The Hammond Novachord, often considered to be the world's first polyphonic synthesizer, debuted at the 1939 World's Fair and represents a major milestone in electronic keyboard musical instrument history. It uses many circuit and control elements found in modern synthesizers, particularly subtractive synthesis in order to generate tones. Its divide-down oscillator architecture, based on vacuum-tube monostable circuits, permit all 72 notes to be played polyphonically by deriving several octaves of notes from twelve top-octave oscillators. A similar design was adopted in polysynthesizers released more than 30 years later by Robert Moog and A.R.P.

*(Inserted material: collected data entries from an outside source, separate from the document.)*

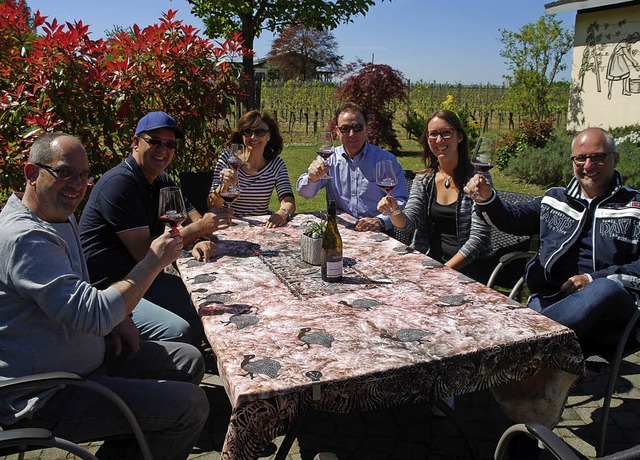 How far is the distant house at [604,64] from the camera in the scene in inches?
459

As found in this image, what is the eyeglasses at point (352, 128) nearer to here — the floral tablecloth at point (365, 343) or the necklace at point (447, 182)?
the necklace at point (447, 182)

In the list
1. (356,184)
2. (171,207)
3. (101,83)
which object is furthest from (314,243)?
(101,83)

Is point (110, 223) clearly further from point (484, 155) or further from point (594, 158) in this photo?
point (594, 158)

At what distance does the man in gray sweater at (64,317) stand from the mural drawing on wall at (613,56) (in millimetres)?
12622

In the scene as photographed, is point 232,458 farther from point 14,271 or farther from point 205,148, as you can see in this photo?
point 205,148

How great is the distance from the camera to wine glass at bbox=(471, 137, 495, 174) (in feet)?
9.10

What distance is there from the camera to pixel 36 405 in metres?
1.83

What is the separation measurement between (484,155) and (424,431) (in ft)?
5.08

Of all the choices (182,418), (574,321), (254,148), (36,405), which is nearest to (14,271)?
(36,405)

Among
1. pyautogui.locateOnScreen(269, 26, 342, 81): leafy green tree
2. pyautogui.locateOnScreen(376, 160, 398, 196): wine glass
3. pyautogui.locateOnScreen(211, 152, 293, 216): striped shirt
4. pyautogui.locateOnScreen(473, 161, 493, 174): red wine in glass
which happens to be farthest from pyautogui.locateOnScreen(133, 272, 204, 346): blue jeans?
pyautogui.locateOnScreen(269, 26, 342, 81): leafy green tree

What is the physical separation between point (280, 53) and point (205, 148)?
4378 centimetres

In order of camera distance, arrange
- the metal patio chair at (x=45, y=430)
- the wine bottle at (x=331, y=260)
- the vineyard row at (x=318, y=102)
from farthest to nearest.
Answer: the vineyard row at (x=318, y=102)
the wine bottle at (x=331, y=260)
the metal patio chair at (x=45, y=430)

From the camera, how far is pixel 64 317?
178cm

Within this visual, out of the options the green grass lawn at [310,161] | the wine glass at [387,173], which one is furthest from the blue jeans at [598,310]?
the green grass lawn at [310,161] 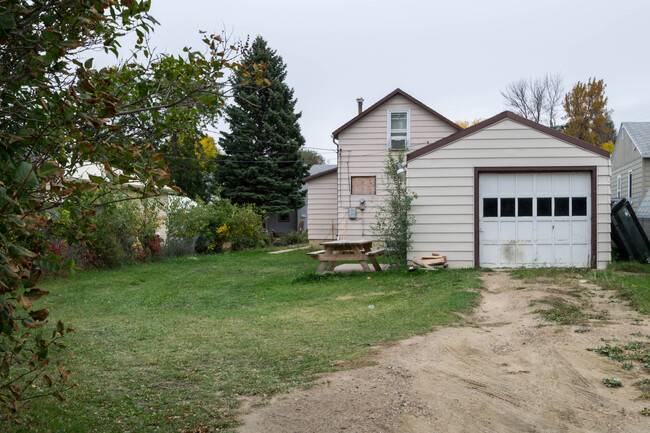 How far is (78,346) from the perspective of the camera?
22.2ft

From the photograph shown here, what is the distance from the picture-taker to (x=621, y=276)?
11242 mm

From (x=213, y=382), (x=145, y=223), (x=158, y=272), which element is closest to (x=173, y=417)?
A: (x=213, y=382)

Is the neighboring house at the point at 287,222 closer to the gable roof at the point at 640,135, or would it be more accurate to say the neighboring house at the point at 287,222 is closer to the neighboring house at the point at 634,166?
the neighboring house at the point at 634,166

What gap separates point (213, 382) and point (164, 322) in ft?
11.7

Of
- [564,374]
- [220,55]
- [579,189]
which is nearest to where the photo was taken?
[220,55]

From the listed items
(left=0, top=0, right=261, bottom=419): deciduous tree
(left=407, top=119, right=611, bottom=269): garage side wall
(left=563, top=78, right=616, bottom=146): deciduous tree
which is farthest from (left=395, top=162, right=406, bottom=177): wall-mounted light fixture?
(left=563, top=78, right=616, bottom=146): deciduous tree

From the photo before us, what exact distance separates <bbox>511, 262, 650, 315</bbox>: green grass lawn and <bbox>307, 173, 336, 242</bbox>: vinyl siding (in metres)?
11.0

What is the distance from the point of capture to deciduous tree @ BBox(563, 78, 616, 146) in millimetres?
36438

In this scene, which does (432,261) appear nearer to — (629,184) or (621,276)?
(621,276)

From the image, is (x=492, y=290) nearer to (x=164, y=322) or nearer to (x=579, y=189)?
(x=579, y=189)

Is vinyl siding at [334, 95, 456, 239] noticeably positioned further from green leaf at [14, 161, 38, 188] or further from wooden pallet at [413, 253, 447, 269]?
green leaf at [14, 161, 38, 188]

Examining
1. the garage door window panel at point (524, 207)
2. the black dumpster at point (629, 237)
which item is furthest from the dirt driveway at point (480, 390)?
the black dumpster at point (629, 237)

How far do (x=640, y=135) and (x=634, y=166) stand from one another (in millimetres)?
1318

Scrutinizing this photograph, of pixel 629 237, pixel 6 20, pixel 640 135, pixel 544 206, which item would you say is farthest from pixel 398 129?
pixel 6 20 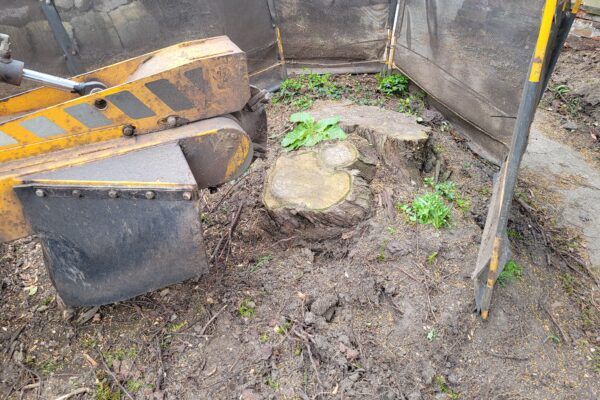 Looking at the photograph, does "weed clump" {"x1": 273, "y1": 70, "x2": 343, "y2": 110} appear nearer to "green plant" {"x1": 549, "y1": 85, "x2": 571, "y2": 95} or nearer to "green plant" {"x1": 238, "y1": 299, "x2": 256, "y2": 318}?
"green plant" {"x1": 549, "y1": 85, "x2": 571, "y2": 95}

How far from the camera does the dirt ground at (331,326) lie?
7.92 ft

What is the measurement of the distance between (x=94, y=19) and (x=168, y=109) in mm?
3080

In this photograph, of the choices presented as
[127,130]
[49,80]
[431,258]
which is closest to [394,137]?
[431,258]

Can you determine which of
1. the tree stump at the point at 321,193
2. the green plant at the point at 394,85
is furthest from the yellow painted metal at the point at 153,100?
the green plant at the point at 394,85

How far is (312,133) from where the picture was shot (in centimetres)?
378

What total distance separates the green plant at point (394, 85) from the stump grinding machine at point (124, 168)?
3.20 m

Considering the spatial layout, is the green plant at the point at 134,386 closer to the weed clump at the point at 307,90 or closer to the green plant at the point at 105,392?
the green plant at the point at 105,392

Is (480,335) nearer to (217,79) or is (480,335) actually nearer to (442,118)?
(217,79)

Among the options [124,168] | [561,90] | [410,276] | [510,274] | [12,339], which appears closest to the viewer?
[124,168]

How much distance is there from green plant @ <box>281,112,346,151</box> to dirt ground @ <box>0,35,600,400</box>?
0.62 m

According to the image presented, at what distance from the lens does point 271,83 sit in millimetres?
5582

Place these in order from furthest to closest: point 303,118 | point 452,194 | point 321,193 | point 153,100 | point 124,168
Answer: point 303,118 → point 452,194 → point 321,193 → point 153,100 → point 124,168

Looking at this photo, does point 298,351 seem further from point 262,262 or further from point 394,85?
point 394,85

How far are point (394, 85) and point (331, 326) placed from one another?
358 centimetres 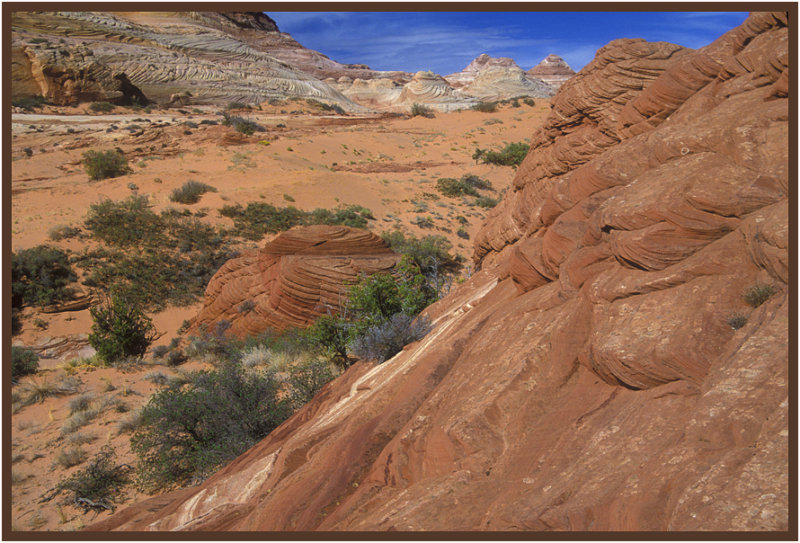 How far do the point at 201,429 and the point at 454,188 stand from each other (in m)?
23.1

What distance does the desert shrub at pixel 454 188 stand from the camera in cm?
2870

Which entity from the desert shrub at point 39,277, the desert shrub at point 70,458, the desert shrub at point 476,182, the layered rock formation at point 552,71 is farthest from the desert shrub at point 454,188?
the layered rock formation at point 552,71

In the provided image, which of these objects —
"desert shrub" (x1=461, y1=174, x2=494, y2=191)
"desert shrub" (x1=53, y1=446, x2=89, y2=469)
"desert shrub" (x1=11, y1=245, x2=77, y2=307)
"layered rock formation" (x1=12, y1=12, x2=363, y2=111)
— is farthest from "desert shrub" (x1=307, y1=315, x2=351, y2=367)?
"layered rock formation" (x1=12, y1=12, x2=363, y2=111)

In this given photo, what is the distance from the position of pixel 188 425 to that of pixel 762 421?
314 inches

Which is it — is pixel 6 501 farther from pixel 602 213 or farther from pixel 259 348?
pixel 259 348

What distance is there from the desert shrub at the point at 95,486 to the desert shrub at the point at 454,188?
2393cm

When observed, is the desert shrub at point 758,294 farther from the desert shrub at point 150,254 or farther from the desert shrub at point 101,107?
the desert shrub at point 101,107

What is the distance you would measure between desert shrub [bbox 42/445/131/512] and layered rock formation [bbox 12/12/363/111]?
45402 millimetres

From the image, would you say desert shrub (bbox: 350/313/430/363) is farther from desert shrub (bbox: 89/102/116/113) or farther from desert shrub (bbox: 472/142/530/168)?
desert shrub (bbox: 89/102/116/113)

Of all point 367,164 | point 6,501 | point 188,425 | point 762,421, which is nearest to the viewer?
point 762,421

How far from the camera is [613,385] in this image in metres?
3.81

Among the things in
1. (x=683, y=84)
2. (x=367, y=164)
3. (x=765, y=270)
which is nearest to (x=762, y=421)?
(x=765, y=270)

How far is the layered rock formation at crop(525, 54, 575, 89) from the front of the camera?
92.6 metres

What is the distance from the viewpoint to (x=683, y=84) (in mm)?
6176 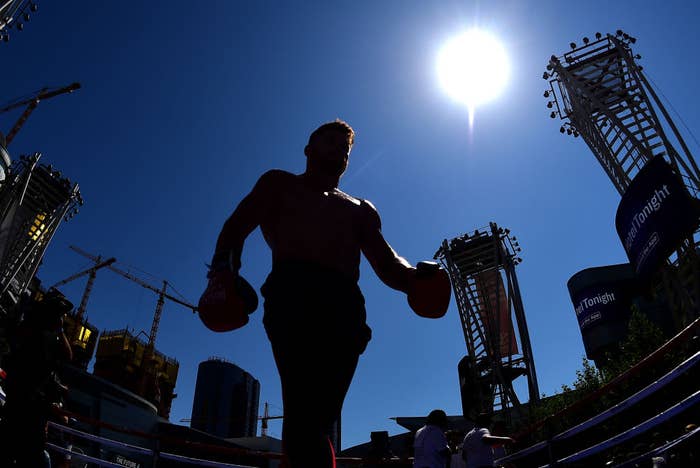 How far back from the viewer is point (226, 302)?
1.74 meters

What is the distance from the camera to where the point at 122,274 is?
7556 centimetres

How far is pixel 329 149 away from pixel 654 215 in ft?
45.1

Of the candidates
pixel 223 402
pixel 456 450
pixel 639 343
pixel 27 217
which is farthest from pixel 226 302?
pixel 223 402

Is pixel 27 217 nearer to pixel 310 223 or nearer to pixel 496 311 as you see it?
pixel 496 311

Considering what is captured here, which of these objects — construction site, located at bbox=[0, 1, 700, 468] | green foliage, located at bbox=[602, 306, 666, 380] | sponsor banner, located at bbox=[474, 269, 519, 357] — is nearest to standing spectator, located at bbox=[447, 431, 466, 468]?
construction site, located at bbox=[0, 1, 700, 468]

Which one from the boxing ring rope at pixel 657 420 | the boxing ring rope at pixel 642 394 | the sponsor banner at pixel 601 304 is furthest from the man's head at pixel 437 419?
the sponsor banner at pixel 601 304

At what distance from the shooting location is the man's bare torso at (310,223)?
1.95 meters

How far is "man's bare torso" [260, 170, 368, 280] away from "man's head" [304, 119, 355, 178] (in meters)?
0.10

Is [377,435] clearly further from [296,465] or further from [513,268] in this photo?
[513,268]

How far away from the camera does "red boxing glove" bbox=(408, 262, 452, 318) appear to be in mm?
1984

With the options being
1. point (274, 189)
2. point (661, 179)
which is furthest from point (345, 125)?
point (661, 179)

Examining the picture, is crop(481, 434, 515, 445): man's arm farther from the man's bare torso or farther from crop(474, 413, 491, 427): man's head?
the man's bare torso

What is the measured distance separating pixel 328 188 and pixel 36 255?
31814 millimetres

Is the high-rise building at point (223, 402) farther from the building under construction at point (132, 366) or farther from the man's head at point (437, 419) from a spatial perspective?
the man's head at point (437, 419) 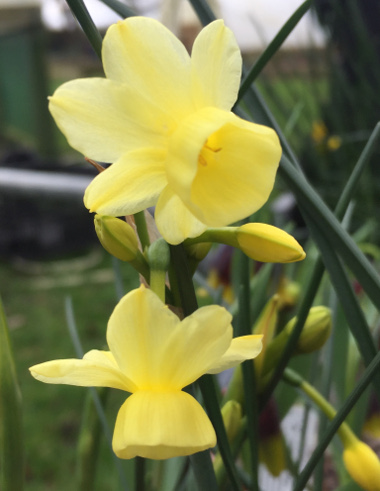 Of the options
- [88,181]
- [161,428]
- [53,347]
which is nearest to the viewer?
[161,428]

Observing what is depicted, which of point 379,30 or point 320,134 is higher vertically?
point 379,30

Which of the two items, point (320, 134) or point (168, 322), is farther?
point (320, 134)

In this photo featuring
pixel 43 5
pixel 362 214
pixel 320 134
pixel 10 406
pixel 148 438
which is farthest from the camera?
pixel 43 5

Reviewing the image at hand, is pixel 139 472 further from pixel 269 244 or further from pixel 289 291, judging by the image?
pixel 289 291

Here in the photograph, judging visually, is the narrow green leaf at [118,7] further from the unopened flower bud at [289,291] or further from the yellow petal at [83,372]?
the unopened flower bud at [289,291]

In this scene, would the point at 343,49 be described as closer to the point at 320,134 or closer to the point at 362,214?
the point at 320,134

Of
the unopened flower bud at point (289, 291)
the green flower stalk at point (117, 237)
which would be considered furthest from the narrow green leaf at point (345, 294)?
the unopened flower bud at point (289, 291)

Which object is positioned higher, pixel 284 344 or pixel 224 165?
pixel 224 165

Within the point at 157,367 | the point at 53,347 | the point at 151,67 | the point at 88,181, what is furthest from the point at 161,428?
the point at 53,347

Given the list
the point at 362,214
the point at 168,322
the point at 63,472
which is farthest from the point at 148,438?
the point at 362,214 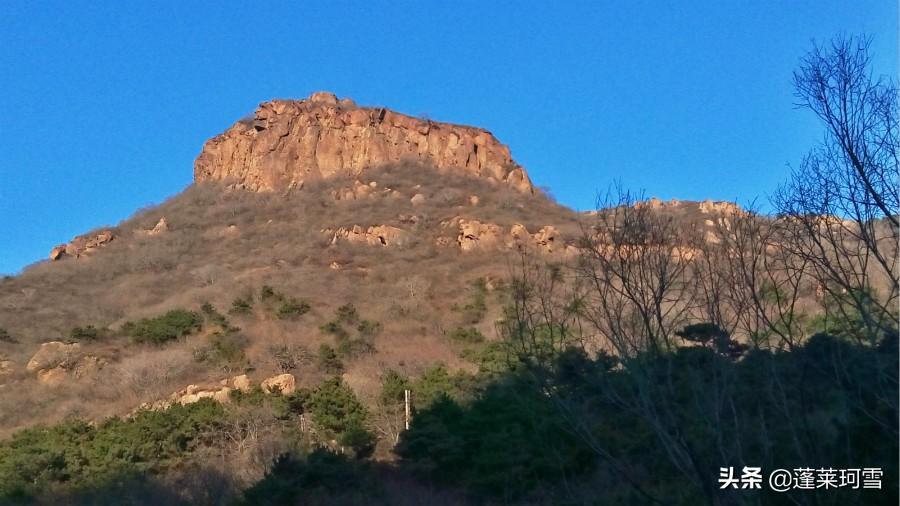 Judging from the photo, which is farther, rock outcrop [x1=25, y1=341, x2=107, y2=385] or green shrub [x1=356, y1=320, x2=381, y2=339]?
green shrub [x1=356, y1=320, x2=381, y2=339]

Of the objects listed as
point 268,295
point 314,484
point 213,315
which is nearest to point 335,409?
point 314,484

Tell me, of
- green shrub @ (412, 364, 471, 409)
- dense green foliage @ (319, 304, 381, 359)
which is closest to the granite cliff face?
dense green foliage @ (319, 304, 381, 359)

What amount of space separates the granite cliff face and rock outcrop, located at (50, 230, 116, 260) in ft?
34.7

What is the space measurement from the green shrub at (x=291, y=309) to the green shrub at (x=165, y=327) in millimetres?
3271

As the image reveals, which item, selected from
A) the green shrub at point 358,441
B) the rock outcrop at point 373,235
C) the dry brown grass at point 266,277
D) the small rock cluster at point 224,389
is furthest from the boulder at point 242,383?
the rock outcrop at point 373,235

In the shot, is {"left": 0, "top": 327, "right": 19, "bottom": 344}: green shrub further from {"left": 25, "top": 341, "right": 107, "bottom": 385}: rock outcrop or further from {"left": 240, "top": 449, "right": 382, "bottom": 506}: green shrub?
{"left": 240, "top": 449, "right": 382, "bottom": 506}: green shrub

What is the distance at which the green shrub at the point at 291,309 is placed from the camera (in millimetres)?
31280

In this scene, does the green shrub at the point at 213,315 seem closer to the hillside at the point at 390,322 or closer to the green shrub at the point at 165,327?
the hillside at the point at 390,322

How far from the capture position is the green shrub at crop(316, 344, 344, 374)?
25.5m

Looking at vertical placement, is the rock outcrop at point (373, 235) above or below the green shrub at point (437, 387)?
above

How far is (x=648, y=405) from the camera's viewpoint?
6.29 m

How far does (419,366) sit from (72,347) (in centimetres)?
1385

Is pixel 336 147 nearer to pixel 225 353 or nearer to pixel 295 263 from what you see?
pixel 295 263

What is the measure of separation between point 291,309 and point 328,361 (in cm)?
657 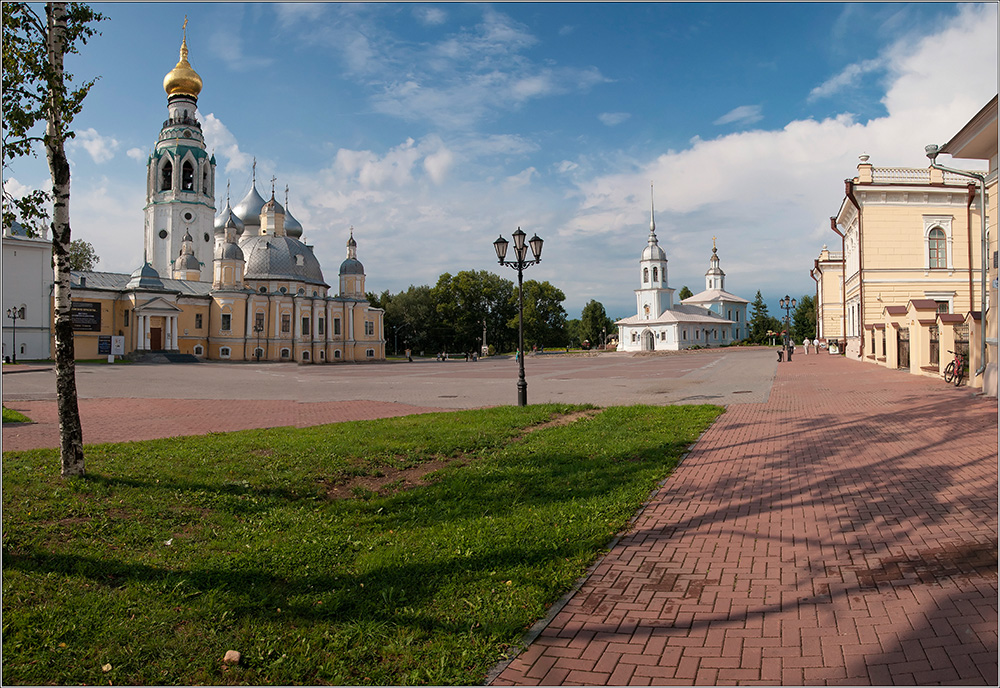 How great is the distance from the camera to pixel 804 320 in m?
94.8

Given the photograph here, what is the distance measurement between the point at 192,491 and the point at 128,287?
52.5 metres

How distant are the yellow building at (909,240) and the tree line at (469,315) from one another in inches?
2087

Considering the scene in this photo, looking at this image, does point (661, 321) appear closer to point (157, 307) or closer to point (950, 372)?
point (157, 307)

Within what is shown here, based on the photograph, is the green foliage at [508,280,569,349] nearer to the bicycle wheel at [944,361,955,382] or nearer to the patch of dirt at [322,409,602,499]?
the bicycle wheel at [944,361,955,382]

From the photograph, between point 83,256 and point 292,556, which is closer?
point 292,556

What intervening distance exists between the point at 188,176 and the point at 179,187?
6.19ft

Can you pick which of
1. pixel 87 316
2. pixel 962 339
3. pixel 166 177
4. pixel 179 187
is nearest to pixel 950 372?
pixel 962 339

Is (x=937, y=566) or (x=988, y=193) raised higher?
(x=988, y=193)

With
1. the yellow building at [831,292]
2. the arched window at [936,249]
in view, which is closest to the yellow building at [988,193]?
the arched window at [936,249]

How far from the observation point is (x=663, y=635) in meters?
→ 3.60

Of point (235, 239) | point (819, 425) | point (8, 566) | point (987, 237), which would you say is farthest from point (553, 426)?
point (235, 239)

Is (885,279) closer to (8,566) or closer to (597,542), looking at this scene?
(597,542)

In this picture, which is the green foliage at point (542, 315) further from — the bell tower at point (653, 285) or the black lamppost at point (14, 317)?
the black lamppost at point (14, 317)

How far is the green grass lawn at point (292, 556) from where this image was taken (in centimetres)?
334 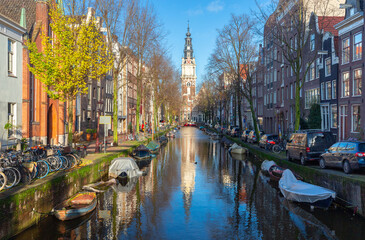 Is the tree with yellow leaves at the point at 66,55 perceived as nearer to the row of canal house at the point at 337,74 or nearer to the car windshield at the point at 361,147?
the car windshield at the point at 361,147

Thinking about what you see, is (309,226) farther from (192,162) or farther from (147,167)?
(192,162)

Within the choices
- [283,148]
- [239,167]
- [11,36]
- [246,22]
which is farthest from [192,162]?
[246,22]

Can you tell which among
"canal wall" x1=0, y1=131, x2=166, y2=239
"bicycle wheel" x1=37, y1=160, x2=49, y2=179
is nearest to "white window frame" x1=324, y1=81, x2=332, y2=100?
"canal wall" x1=0, y1=131, x2=166, y2=239

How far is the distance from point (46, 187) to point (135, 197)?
4870 mm

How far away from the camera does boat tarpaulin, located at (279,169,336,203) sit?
14.4 metres

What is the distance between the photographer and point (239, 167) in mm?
28078

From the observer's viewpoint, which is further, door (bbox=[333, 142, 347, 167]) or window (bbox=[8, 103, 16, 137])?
window (bbox=[8, 103, 16, 137])

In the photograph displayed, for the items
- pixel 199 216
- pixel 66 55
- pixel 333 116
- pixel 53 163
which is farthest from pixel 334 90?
pixel 53 163

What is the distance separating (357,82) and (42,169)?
26338 millimetres

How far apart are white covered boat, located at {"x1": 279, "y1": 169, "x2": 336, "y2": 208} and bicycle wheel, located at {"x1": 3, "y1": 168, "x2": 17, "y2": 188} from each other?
37.3ft

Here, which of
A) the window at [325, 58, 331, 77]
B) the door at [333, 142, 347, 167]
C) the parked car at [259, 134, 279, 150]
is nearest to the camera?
the door at [333, 142, 347, 167]

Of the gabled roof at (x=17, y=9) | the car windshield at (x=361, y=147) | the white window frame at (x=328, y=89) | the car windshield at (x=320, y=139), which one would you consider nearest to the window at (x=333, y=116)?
the white window frame at (x=328, y=89)

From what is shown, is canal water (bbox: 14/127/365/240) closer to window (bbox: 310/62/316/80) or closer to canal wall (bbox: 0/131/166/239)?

The Novachord is very well suited to producing rich,"otherworldly" timbres that range from dense sustained string-like and vocal-like timbres to the sharp attack transients of a harpsichord or piano. With over 150 vacuum tubes inside, this synthesizer has a thick, harmonically rich sound that you can't get elsewhere.
An incredibly rare find, only around 1,000 Novachords are said to have ever been made, and it is estimated that there are fewer than 200 Novachords still in existence. Commercial sample libraries of this instrument alone cost a few hundred dollars; that's how rare, complex, and musically useful this instrument is!
This Hammond Novachord is in good cosmetic shape for its age and is untested.